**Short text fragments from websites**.
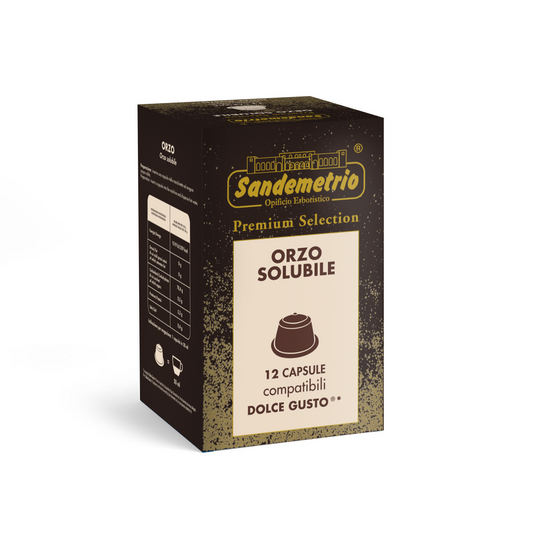 Capsules Sandemetrio Orge Comp. Dolce Gusto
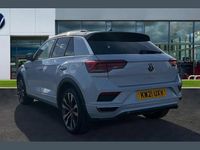 Used VW T-Roc R-line 150 HP (110 kW) 2021 Silver SUV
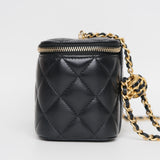 Chanel Vanity Pearl Crush Black -s31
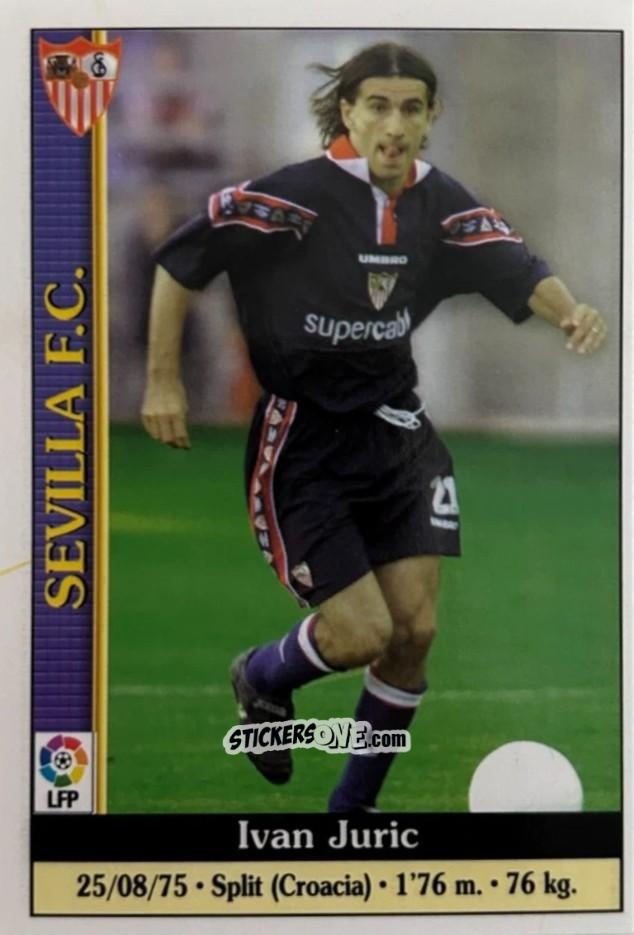 Figurina Juric - Las Fichas De La Liga 1999-2000 n. 550 - Mundicromo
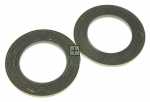 Hot Plate Seal - 4055499687 Profile black 6x8x2850 [Electrolux Aeg]
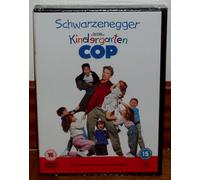POLICE Academy (Kindergarten Cop) DVD New Sealed Comedy Drama R2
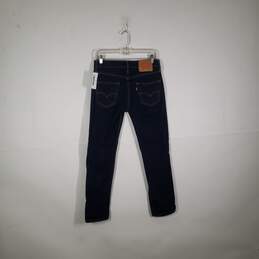 Mens 511 Medium Wash 5 Pocket Design Denim Skinny Leg Jeans Size 29x30 alternative image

**Requirement**.
Only the lines from the one with "POLICE Academy (Kindergarten" through the end of the data, both ends included, should be written out exactly, and no pictures should appear.

**Result below**.
POLICE Academy (Kindergarten Cop) DVD New Sealed Comedy Drama R2
 Mens 511 Medium Wash 5 Pocket Design Denim Skinny Leg Jeans Size 29x30 alternative image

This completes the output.